As if moved by an gigantic, invisible spring, the public rose to its feet,  “One, two, three, four, five, six, seven, eight, nine…,” until it reached number 43, which they memorialized with their fists raised.
The applause was an enormous and deep expression of our condolences. Everyone was mourning. Everyone felt even more tired than Murillo Karam for all the corruption and impunity. And all of us represented “the cry of our dead.”

I envisioned backstage: 170 dancers of the National Dance Company and the students of the National School of Classical and Contemporary Dance, elegantly dressed as the characters of the ballet’s epoch, applauding. I was imagining the company’s five principal dancers—Agustina Galizzi, Ana Elisa Mena, Mayuko Nihei, Blanca Ríos and Erick Rodríguez—mourning. Those who appeared particularly sad were José Luis González, Mariana Garce and Sofía Villarreal, who that night were saying goodbye to the company, which was celebrating 50 years of putting on the Christmas ballet. Also, I imagined “Clara,” the protagonist of Hoffmann’s tale, the little rodents, the tin soldiers, and the Nutcracker himself mourning, applauding in honor of the 43 disappeared.

“Why did you get so sad all of a sudden, Mamá Lú?, one of my granddaughters asked me.

“Because Mexico continues to mourn,” I replied.

I have the impression that my granddaughter did not understand me. Then, the curtains opened and the show began.
Reforma only allows subscribers to access articles on its website.

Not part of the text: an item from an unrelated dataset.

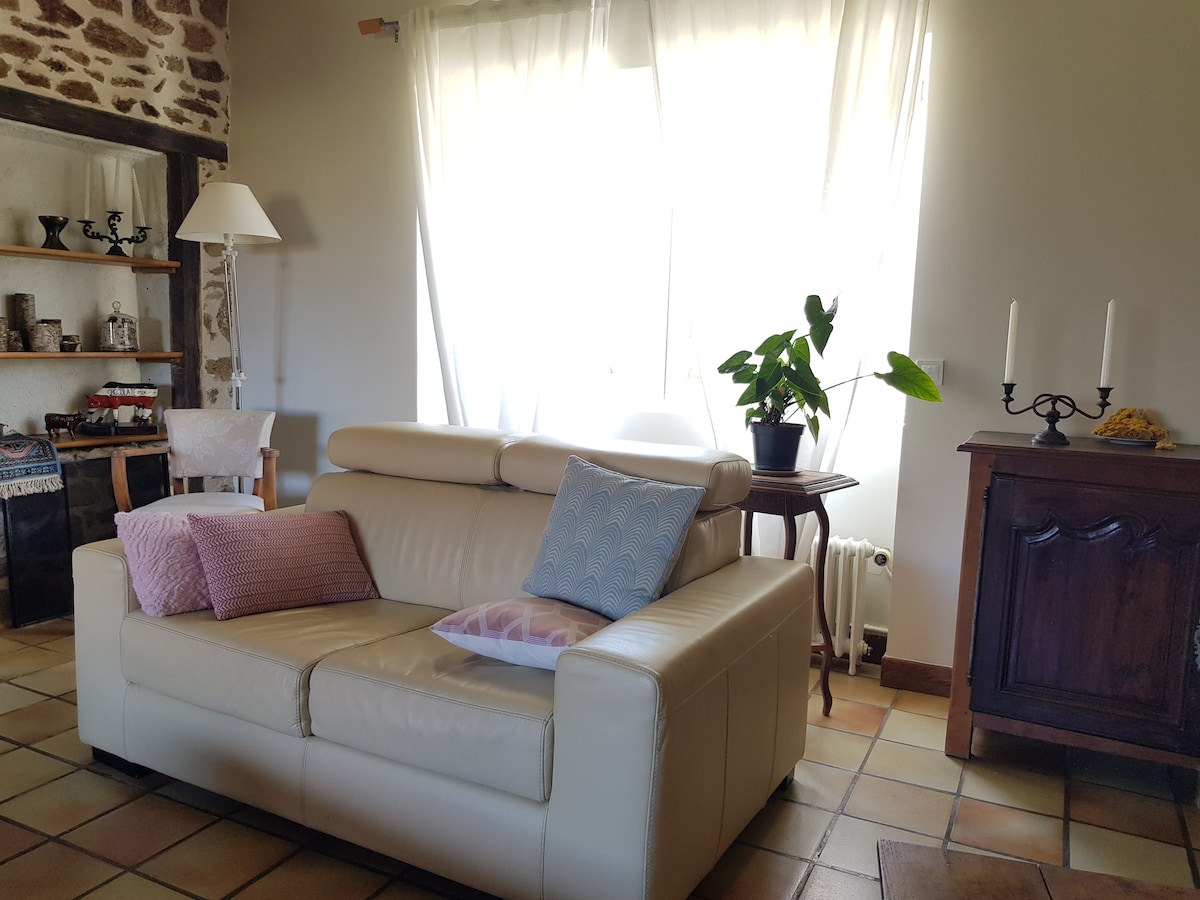 Top Airbnb: Chez Minétou – Country house à Diocèse De Limoges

*María Guadalupe Loaeza Tovar is a contemporary Mexican writer and author of many books, including Las Niñas Bien [The Good Girls], Las Reinas de Polanco [The Queens of Polanco (wealthy Mexico City neighborhood], Debo, Luego Sufro [I Owe, Therefore, I Suffer] and Compro, Luego Existo [I Shop, Therefore, I Exist], in which she writes ironically about the Mexican upper class. Twitter: @gloaeza
 
**Reference to offhand remark of Attorney General Murillo Karam at the end of the press conferece at which he announced that arrested members of the Warrriors United cartel confessed they had murdered the 43 Ayotzinapa students and burned their bodies. The remark was immediately turned against him on the social media and in the press.
 
***Aguas Blancas was the massacre by police of protesting farmers in Guerrero in 1995. San Fernando was the massacre, in 2010, of 72 Central American migrants by the Zetas cartel with the collusion of local police. The ABC nursery fire, in 2009, possibly the result of local officials’ attempt to destroy records in an adjoining store room, resulted in the deaths of 49 infants and young children and the injuring of 70 more.